# EXERCISE AIM:
Could you restate the data word for word and drop the pictures?

# INPUT DATA:
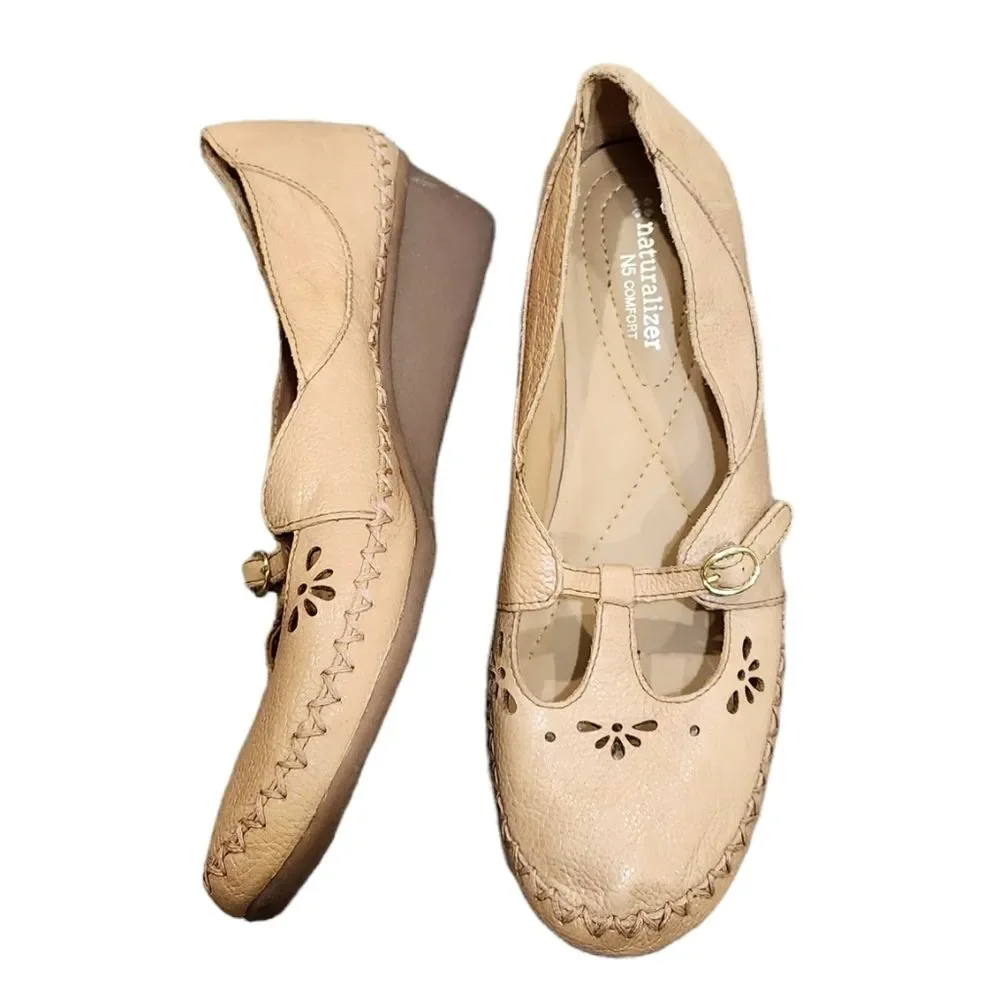 Naturalizer N5 Comfort Tan Cream Leather Soft Flexible Flat Size 9.5W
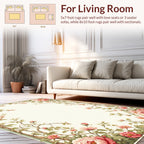 Vintage Pink Peony Branch Floral Accent Rug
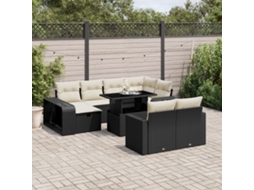 Vidaxl 11 Pcs Conjunto Sofás De Jardim C/ Almofadões Vime Pe Preto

# TASK RESPONSE:
 Naturalizer N5 Comfort Tan Cream Leather Soft Flexible Flat Size 9.5W
 Vintage Pink Peony Branch Floral Accent Rug
 Vidaxl 11 Pcs Conjunto Sofás De Jardim C/ Almofadões Vime Pe Preto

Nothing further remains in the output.